- **Instructions for the task**
Starting at the line that contains "ORKY Men Custom", write out every line to the end of the records below exactly, and leave out the pictures.

- **Material provided**
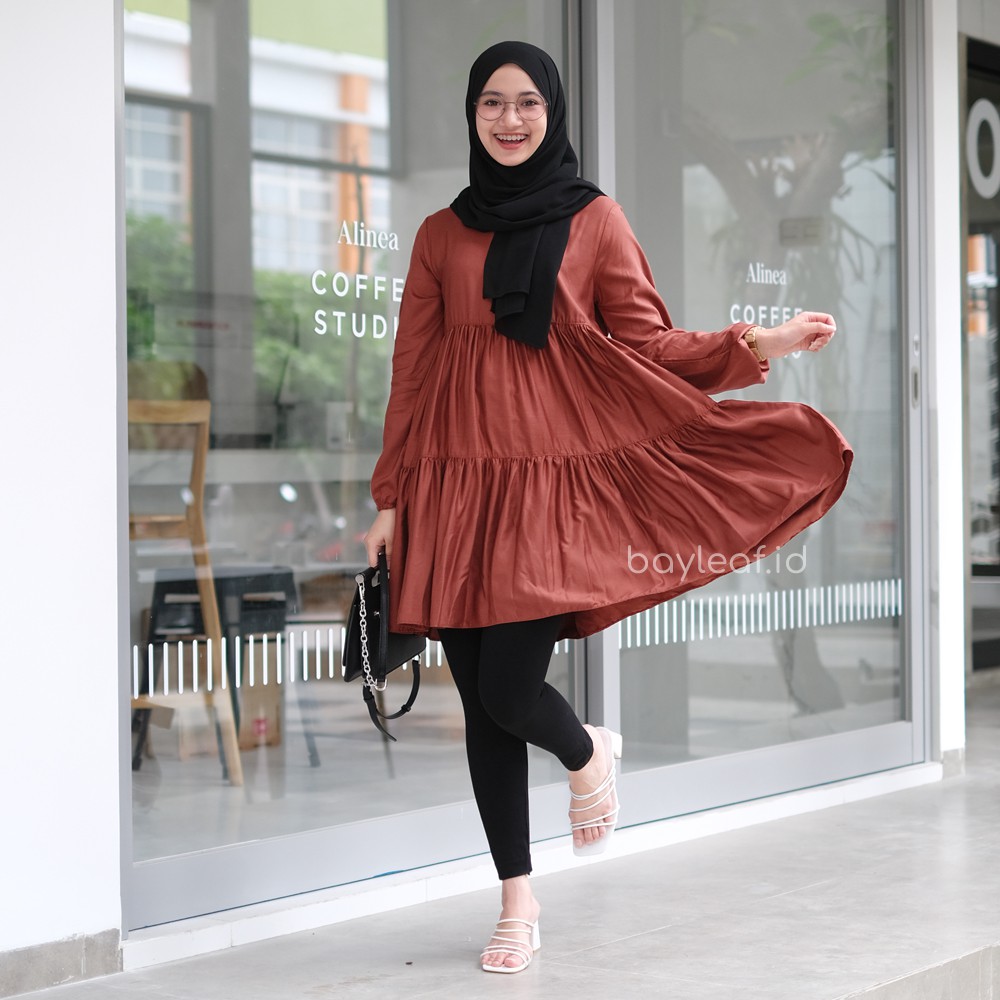 Bayleaf.id Marissa Tunik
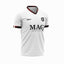 ORKY Men Custom Football Jersey with Short Kids Training Match Full Uniform Oreo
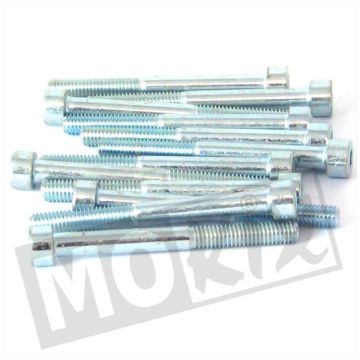 BOLZEN KICKSTARTER-ABDECKUNG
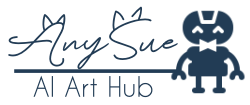 AnySue Logo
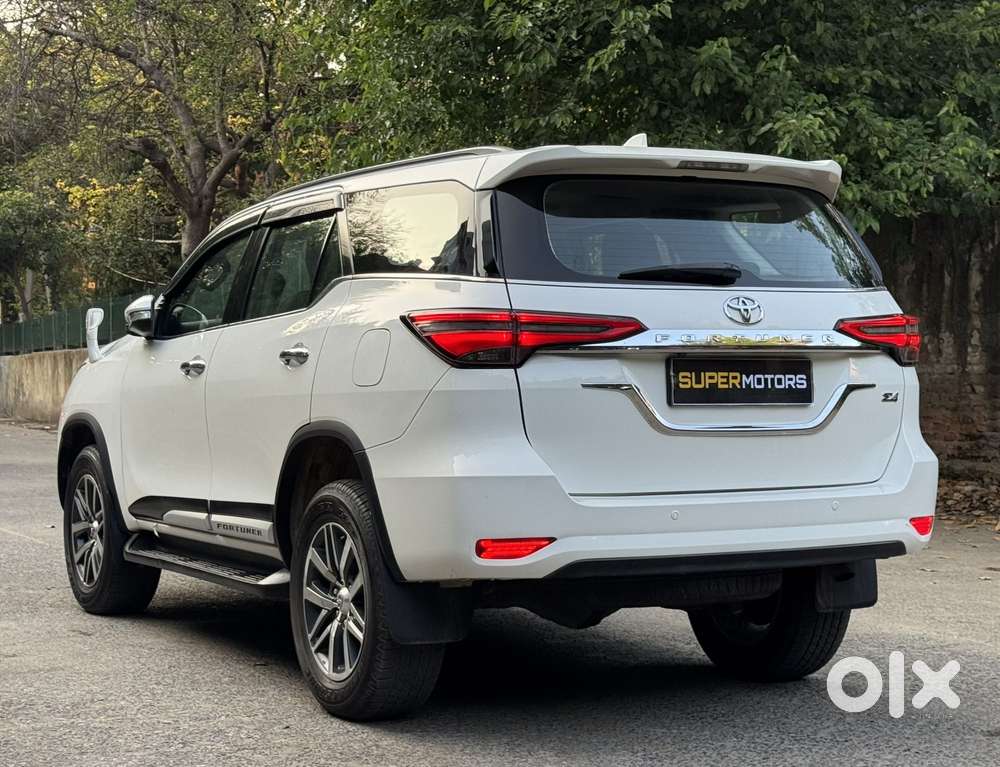 Toyota Fortuner 4x4 At 2.8 Diesel, 2017, Diesel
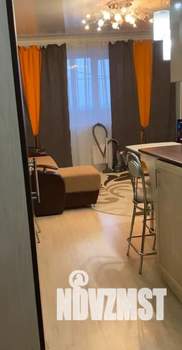 1-к квартира, посуточно, 28м2, 10/10 этаж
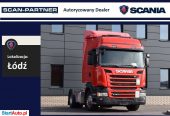 Scania R450 Highline BEZ EGR !!
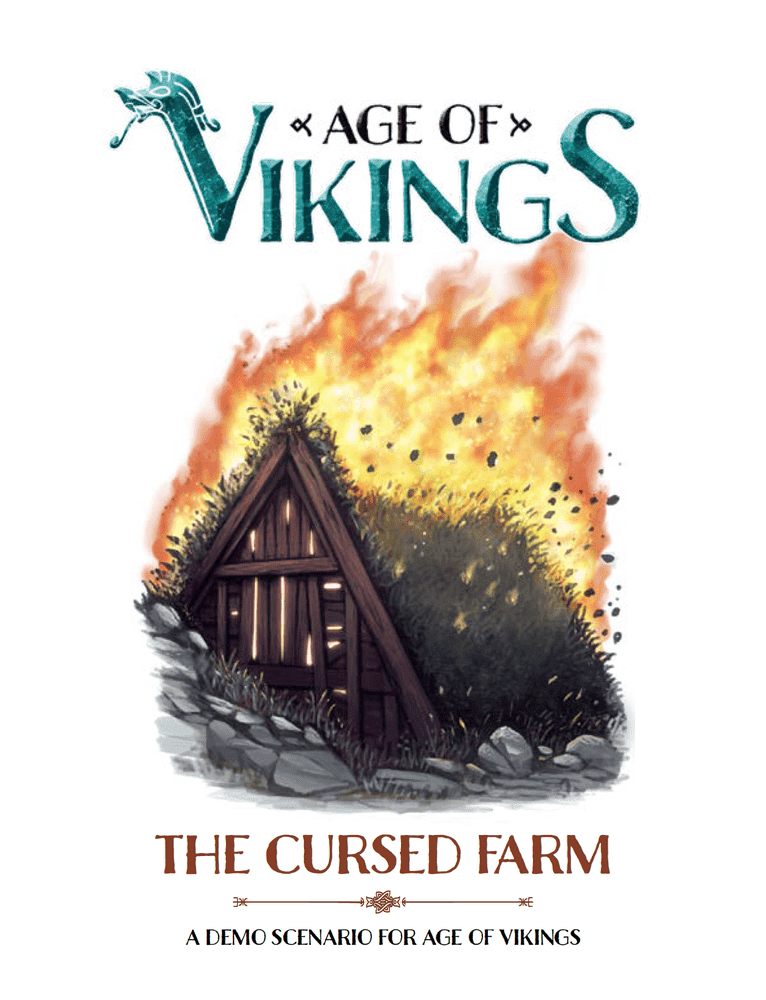Age of Vikings: The Cursed Farm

- **Answer for this exercise**
 ORKY Men Custom Football Jersey with Short Kids Training Match Full Uniform Oreo
 BOLZEN KICKSTARTER-ABDECKUNG
 AnySue Logo
 Toyota Fortuner 4x4 At 2.8 Diesel, 2017, Diesel
 1-к квартира, посуточно, 28м2, 10/10 этаж
 Scania R450 Highline BEZ EGR !!
Age of Vikings: The Cursed Farm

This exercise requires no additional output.